Could you give the data that follows again exactly, without its pictures?
···
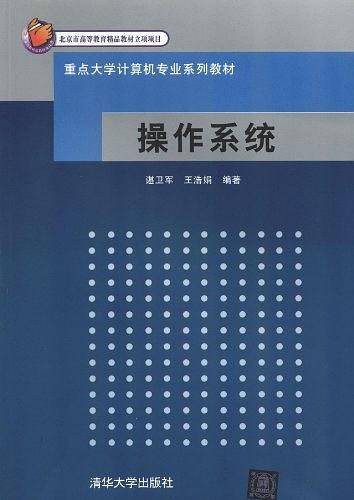 操作系统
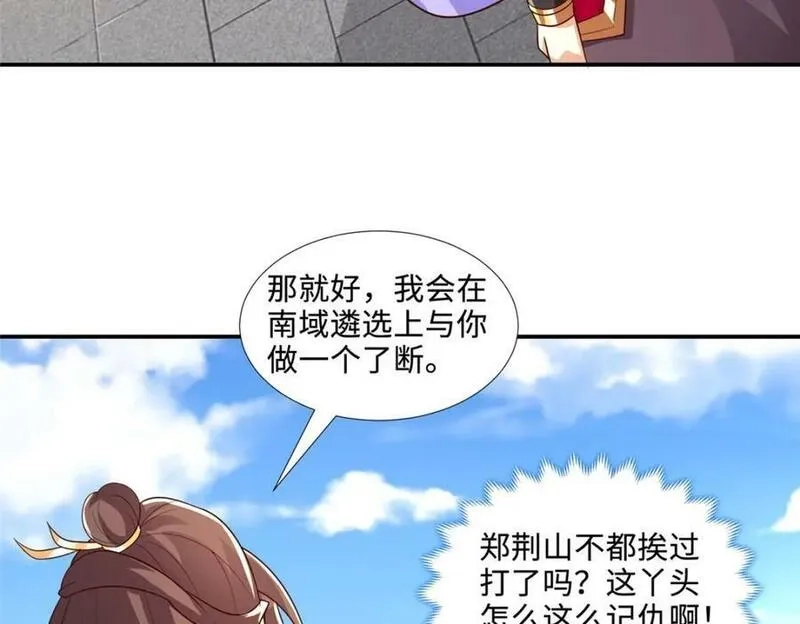 我说苟，系统说狗带,088 比试炼丹,第8张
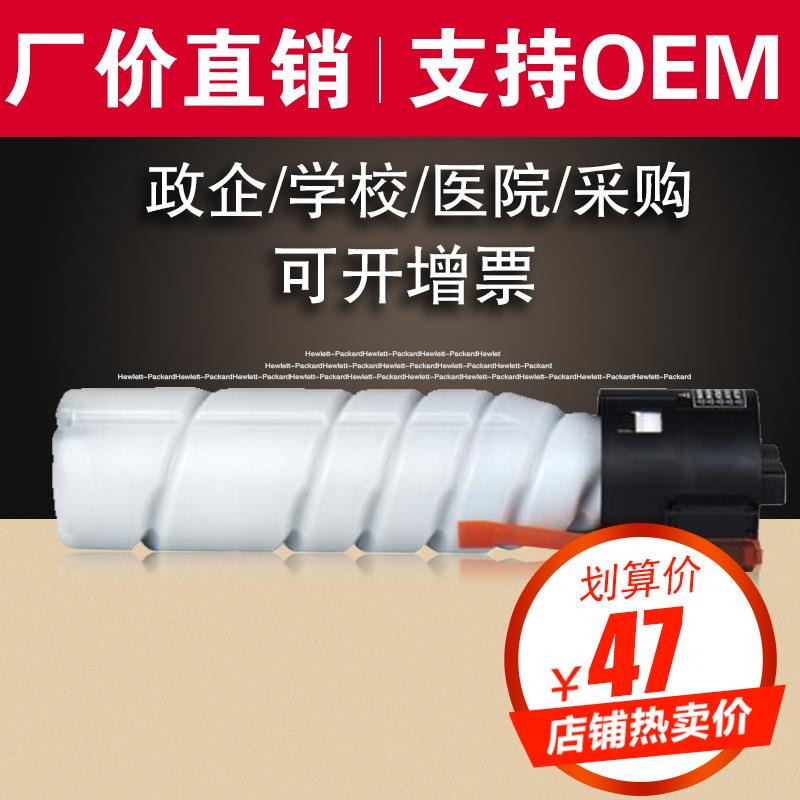 欣泰适用震旦 ADT268S粉盒AD-268墨粉筒AD305复印机墨盒AD368碳粉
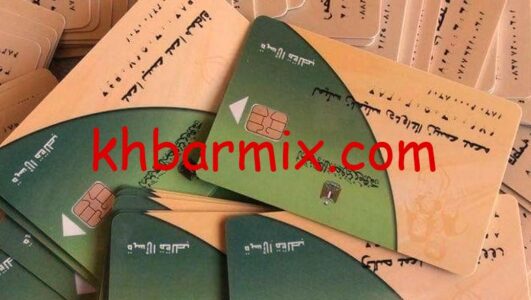 البطاقة التموينية الإلكترونية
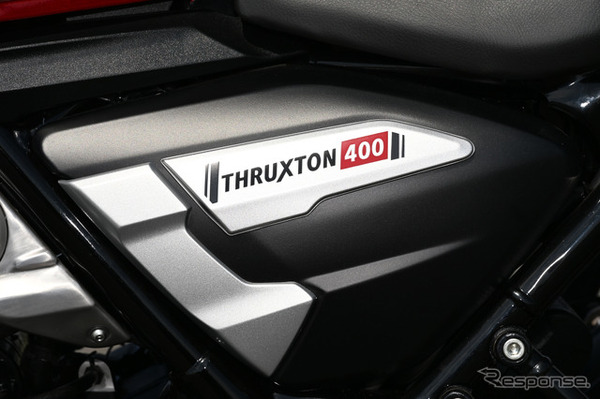 トライアンフ Thruxton 400（スラクストン400）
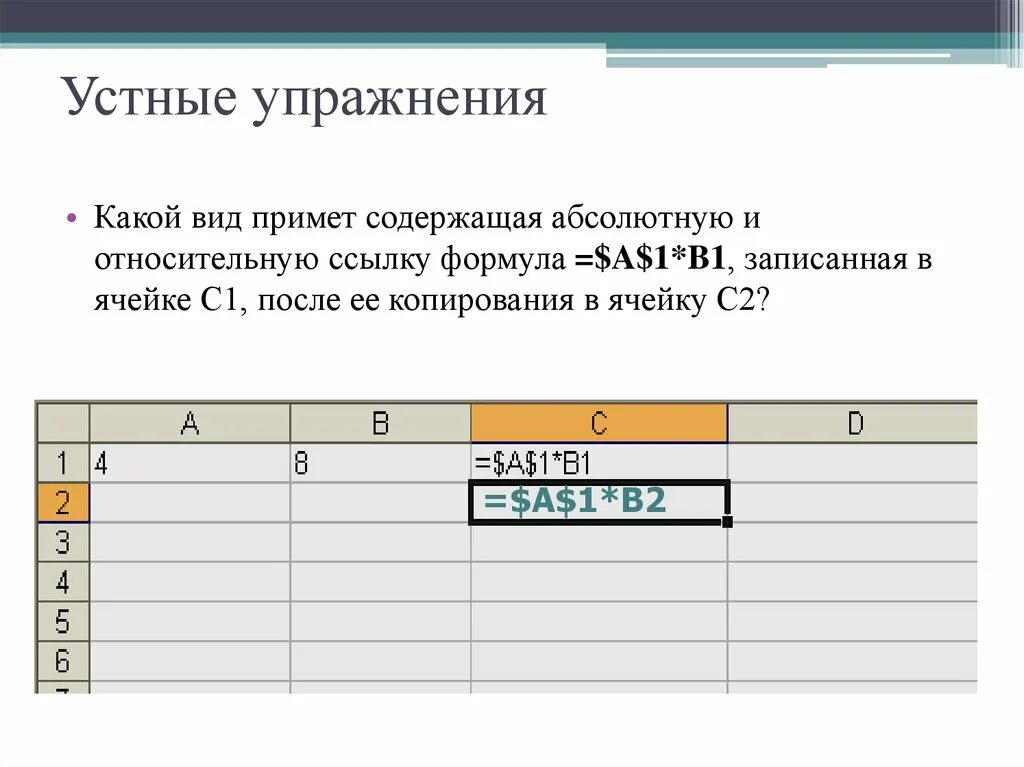 Какая формула будет в ячейке d1. Формула ячейки с2. Какой вид примет формула, при копировании в ячейку. Формула записанная в ячейку с1 при копировании в с2 примет вид. Формула из ячейки b1.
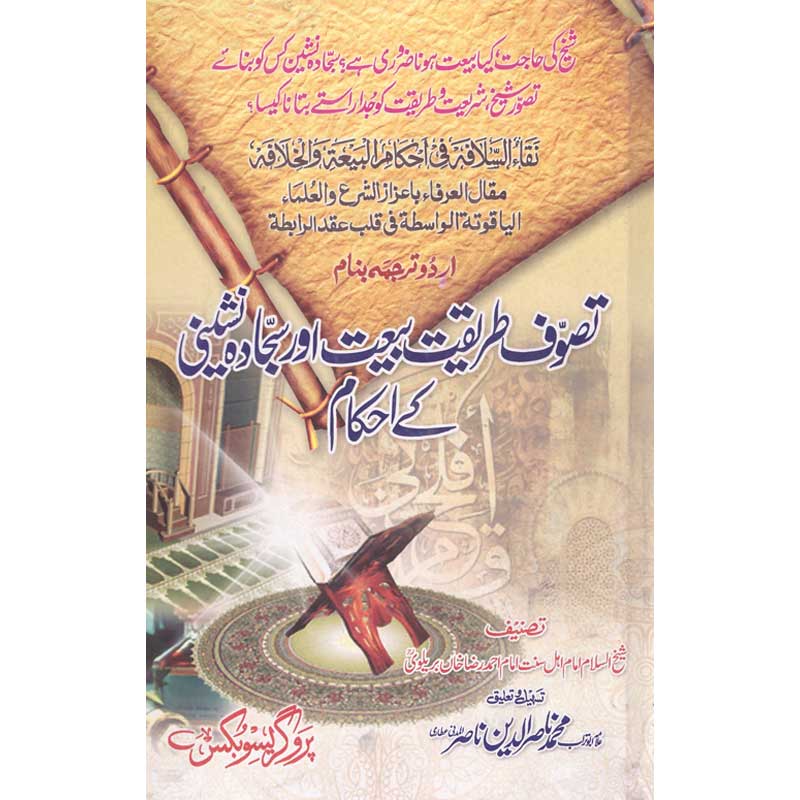 Tasawuf, Tareqat, Baet Aur Sajada Nasheeni Kay Ehkaam </br> تصوف ، طریقت ، بیت اور سجادہ نشینی کا احکام</br>Allama Abu Turab Muhammad Nasir ul Deen Nasir ul Madni Attari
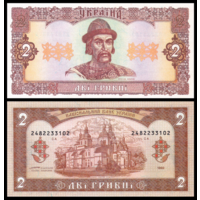 [КОПИЯ] Украина 2 гривны 1992(96) с водяным знаком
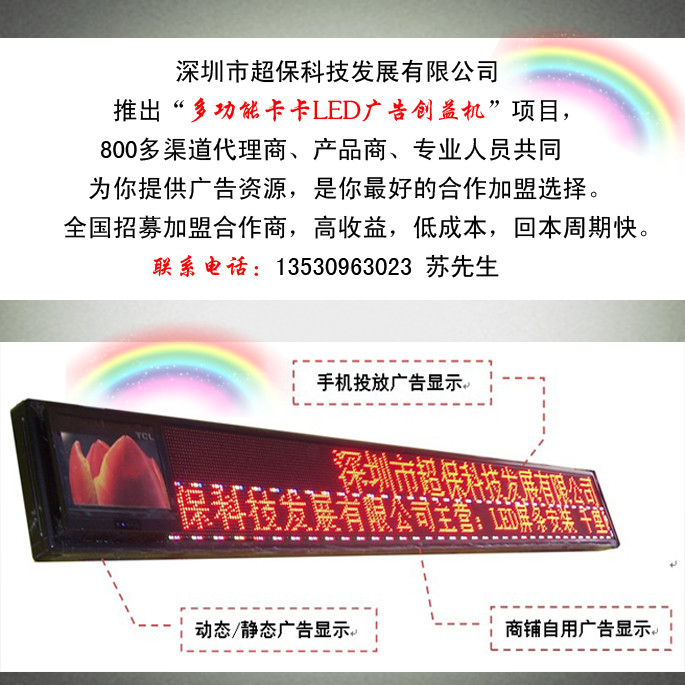 供应LED广告投放机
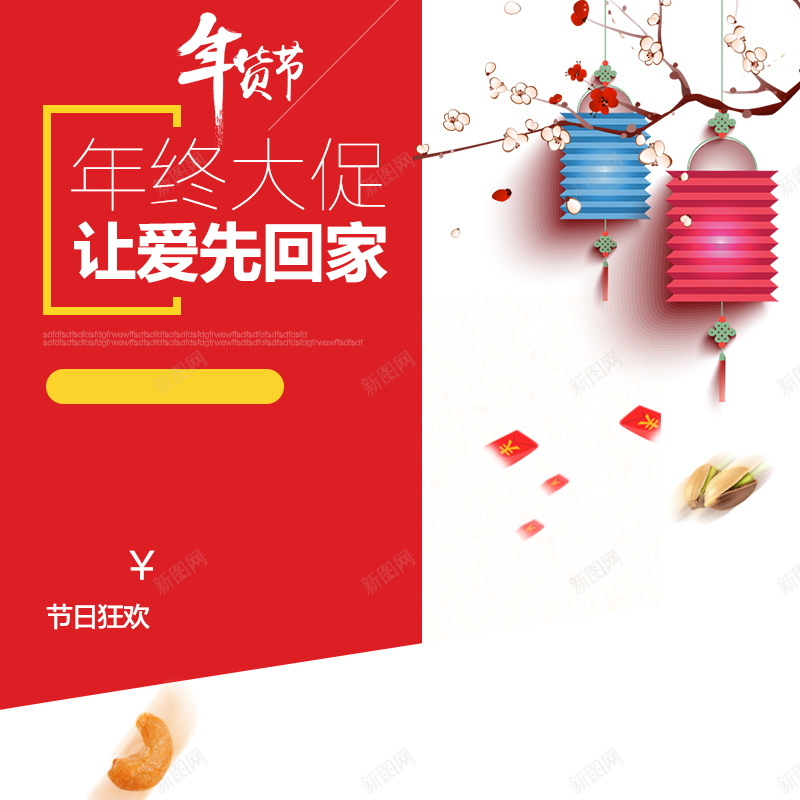 年终大促中国风简约PSD分层主图背景psd设计背景_新图网 https://ixintu.com 主图 外套 女装 年中大促 年货节 文艺 服装 淘宝 灯笼 直通车 简约 花瓣 让爱先回家 零食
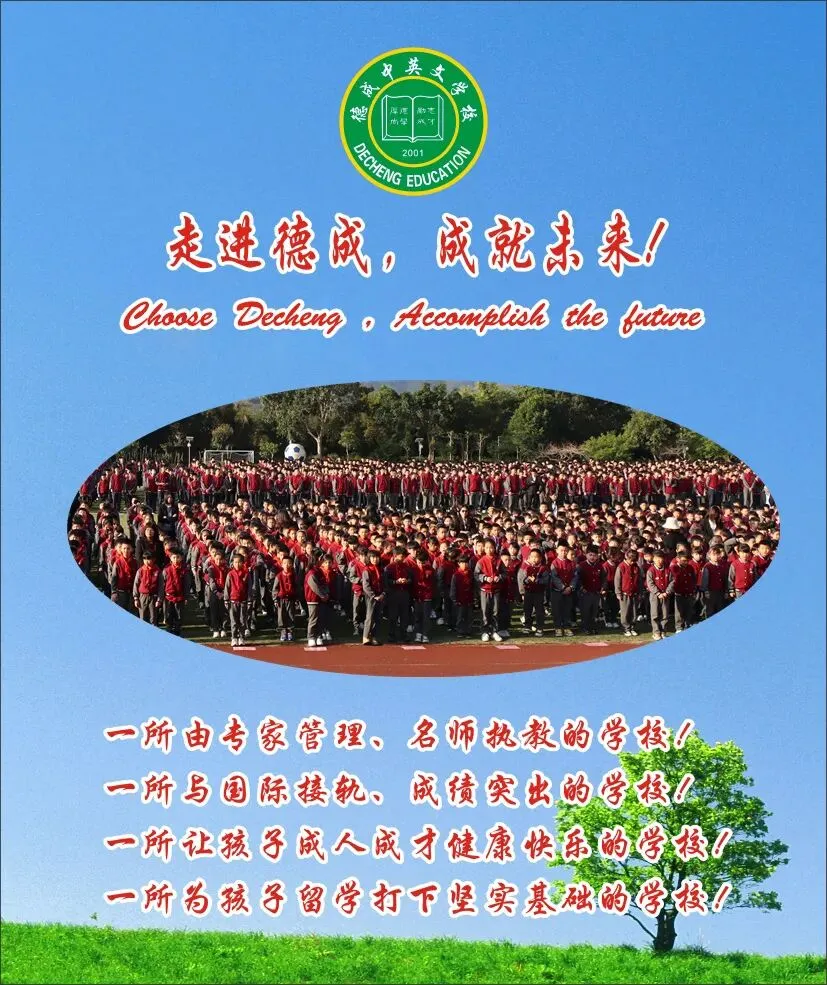 砺剑中考,勇攀高峰|德成中英文学校2026届中考誓师大会隆重举行【2026年春:学校高质量发展系列活动之三十】 第1张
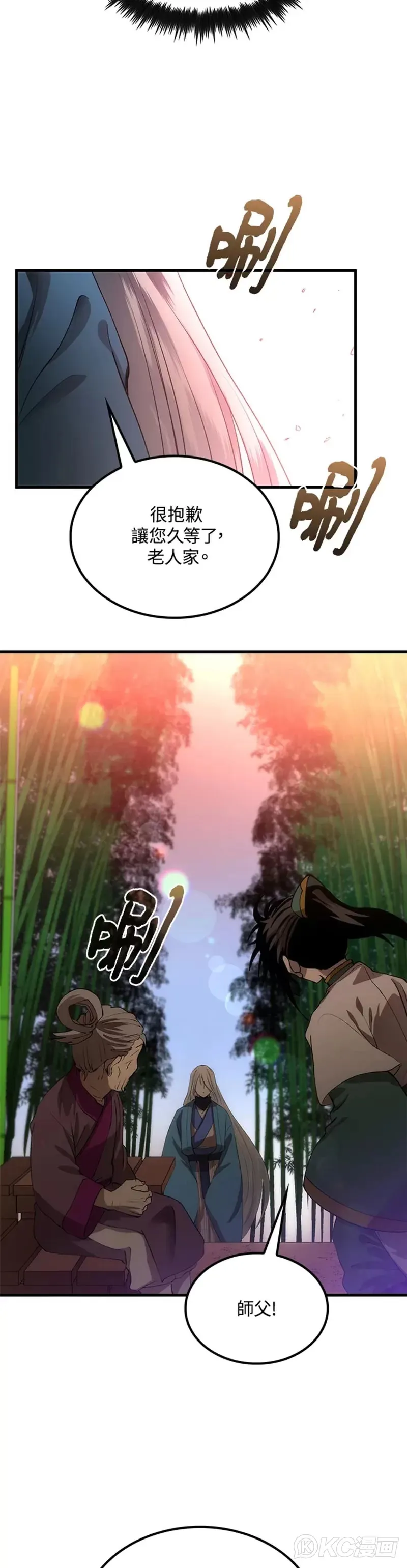 第54话 第37页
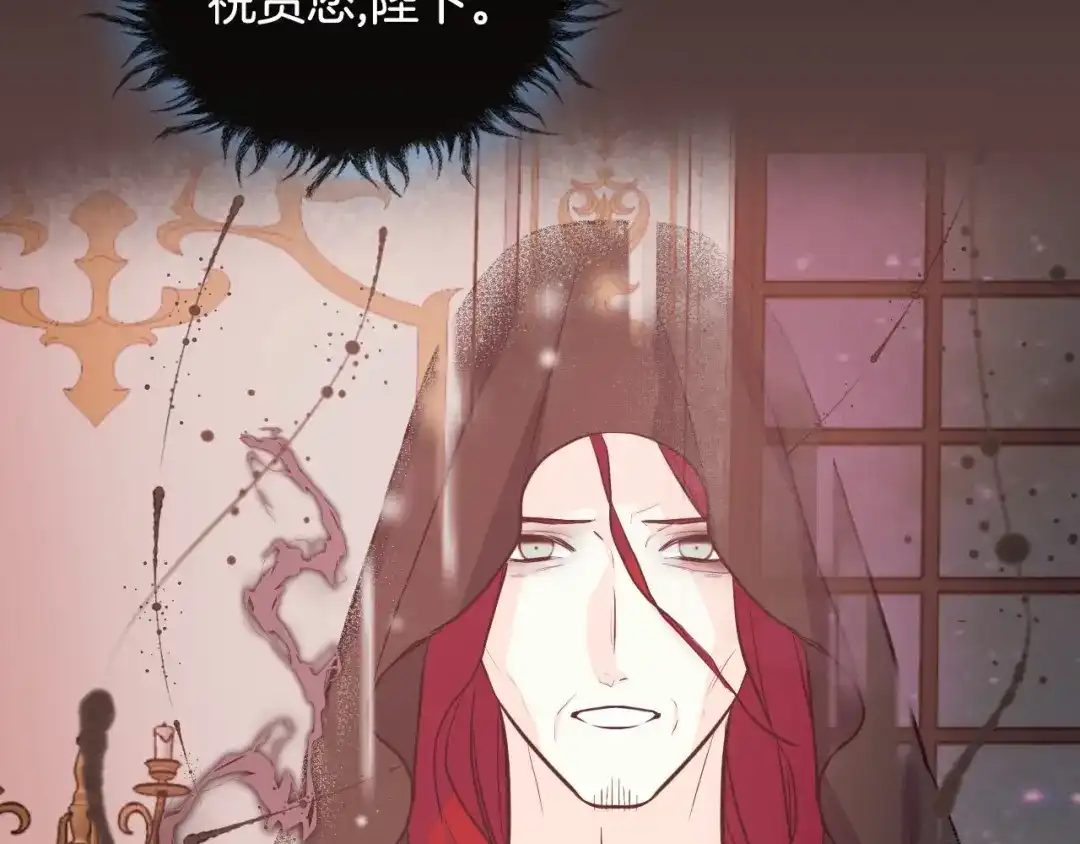 《恶毒配角的美德》第62话 回到书里的结局 第2页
···
## Response to this exercise
 操作系统
 我说苟，系统说狗带,088 比试炼丹,第8张
 欣泰适用震旦 ADT268S粉盒AD-268墨粉筒AD305复印机墨盒AD368碳粉
 البطاقة التموينية الإلكترونية
 トライアンフ Thruxton 400（スラクストン400）
 Какая формула будет в ячейке d1. Формула ячейки с2. Какой вид примет формула, при копировании в ячейку. Формула записанная в ячейку с1 при копировании в с2 примет вид. Формула из ячейки b1.
 Tasawuf, Tareqat, Baet Aur Sajada Nasheeni Kay Ehkaam </br> تصوف ، طریقت ، بیت اور سجادہ نشینی کا احکام</br>Allama Abu Turab Muhammad Nasir ul Deen Nasir ul Madni Attari
 [КОПИЯ] Украина 2 гривны 1992(96) с водяным знаком
 供应LED广告投放机
 年终大促中国风简约PSD分层主图背景psd设计背景_新图网 https://ixintu.com 主图 外套 女装 年中大促 年货节 文艺 服装 淘宝 灯笼 直通车 简约 花瓣 让爱先回家 零食
 砺剑中考,勇攀高峰|德成中英文学校2026届中考誓师大会隆重举行【2026年春:学校高质量发展系列活动之三十】 第1张
 第54话 第37页
 《恶毒配角的美德》第62话 回到书里的结局 第2页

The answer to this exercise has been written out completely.